# PRC Developing A Surface/Sub Warship



## tomahawk6 (3 Jun 2017)

I don't know if this concept is practical. Can you make a submarine into a surface ship ? Perhaps. I suspect it may end up being more submarine than anything else.

https://www.yahoo.com/news/china-apos-massive-warship-future-132043454.html

https://twitter.com/peterwsinger/status/870708850273300480/photo/1?ref_src=twsrc%5Etfw&ref_url=https%3A%2F%2Fs.yimg.com%2Fos%2Fyc%2Fhtml%2Fembed-iframe-min.7f33a83d.html


----------



## GR66 (3 Jun 2017)

I'd imagine there might be a big advantage of just being able to "porpoise" just under the surface of the water.  No need to have a full pressure hull like a true submarine to travel at depth, but you could reduce your radar cross-section in order to delay detection and when attacked by anti-surface missiles you could dip just below the surface to avoid being hit.  Dealing with something like that would require a whole new class of weapons I'd imagine.


----------



## tomahawk6 (3 Jun 2017)

GR66 said:
			
		

> I'd imagine there might be a big advantage of just being able to "porpoise" just under the surface of the water.  No need to have a full pressure hull like a true submarine to travel at depth, but you could reduce your radar cross-section in order to delay detection and when attacked by anti-surface missiles you could dip just below the surface to avoid being hit.  Dealing with something like that would require a whole new class of weapons I'd imagine.



Great point !!


----------



## a_majoor (4 Jun 2017)

This is exactly how submarines worked up until WWII, essentially small torpedo boats which could slip below the surface prior to creeping up in their targets and attacking. Even WWII era U boats spent most of their time on the surface, although advances in technology greatly improved their underwater performance. Only the development of compact nuclear reactors made submarines truly "submersible". and capable of operating underwater most of the time.

I see this as mostly a way of getting low cost "submarines" by reverting to 1930 era tactics.

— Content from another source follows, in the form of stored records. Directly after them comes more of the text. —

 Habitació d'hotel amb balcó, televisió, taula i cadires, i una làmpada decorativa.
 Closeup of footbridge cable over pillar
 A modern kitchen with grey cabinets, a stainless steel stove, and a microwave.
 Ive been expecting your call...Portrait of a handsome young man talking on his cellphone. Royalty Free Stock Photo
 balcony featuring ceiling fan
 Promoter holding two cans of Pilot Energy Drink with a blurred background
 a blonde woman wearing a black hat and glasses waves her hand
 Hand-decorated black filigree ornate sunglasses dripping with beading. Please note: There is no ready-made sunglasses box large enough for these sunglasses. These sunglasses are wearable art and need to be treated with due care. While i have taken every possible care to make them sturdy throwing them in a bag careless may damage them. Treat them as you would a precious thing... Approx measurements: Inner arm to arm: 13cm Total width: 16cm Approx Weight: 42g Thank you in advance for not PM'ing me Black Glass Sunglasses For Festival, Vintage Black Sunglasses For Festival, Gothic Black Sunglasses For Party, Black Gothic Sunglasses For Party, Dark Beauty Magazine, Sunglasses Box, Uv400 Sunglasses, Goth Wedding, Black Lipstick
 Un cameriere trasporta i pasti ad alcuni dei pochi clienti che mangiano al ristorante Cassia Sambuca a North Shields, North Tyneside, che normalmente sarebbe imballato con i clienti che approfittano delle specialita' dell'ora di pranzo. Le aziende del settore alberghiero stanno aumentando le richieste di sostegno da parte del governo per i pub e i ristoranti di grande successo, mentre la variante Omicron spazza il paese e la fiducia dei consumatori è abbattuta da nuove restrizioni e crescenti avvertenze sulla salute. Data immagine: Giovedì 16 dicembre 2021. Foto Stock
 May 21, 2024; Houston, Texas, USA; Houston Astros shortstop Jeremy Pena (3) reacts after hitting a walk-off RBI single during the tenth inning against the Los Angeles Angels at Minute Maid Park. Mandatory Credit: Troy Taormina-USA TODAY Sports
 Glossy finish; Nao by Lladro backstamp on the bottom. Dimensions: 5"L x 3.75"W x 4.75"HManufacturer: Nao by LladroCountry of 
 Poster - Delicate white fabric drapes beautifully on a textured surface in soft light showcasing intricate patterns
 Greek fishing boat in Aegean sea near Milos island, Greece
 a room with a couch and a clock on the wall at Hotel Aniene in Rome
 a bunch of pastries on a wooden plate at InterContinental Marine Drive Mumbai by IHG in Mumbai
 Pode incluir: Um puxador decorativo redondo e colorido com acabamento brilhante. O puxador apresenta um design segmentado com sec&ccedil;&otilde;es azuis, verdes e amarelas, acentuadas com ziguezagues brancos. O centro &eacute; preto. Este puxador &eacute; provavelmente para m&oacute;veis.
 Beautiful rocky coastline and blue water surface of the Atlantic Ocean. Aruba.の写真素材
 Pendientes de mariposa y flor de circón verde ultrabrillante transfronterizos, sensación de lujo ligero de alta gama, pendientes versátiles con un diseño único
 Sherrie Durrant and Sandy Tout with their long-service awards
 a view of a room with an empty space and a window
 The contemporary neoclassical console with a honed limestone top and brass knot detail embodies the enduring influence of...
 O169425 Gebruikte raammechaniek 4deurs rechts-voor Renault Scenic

As a chaser, the USN could bring back blimps as a cost effective means of detecting and fighting this type of ship....


----------



## Colin Parkinson (5 Jun 2017)

The French beat them to it


----------



## GAP (5 Jun 2017)

Thank god that was before sonar....that boat had to be noisy as hell going through the water.....


----------



## Kirkhill (9 Jun 2017)

GR66 said:
			
		

> I'd imagine there might be a big advantage of just being able to "porpoise" just under the surface of the water.  No need to have a full pressure hull like a true submarine to travel at depth, but you could reduce your radar cross-section in order to delay detection and when attacked by anti-surface missiles you could dip just below the surface to avoid being hit.  Dealing with something like that would require a whole new class of weapons I'd imagine.



Got to thinking - the counter is out there already.

A thin hull close to the surface means a torpedo and probably a light weight torpedo like the Mk46.

Delivery mechanisms to include LRPAs, any Maritime Helo, and the RUM-139 VL-ASROC.

https://en.wikipedia.org/wiki/RUM-139_VL-ASROC


----------



## MilEME09 (9 Jun 2017)

Colin P said:
			
		

> The French beat them to it



https://en.wikipedia.org/wiki/French_submarine_Surcouf


----------



## Kirkhill (9 Jun 2017)

RN 1918






https://en.wikipedia.org/wiki/HMS_M1


----------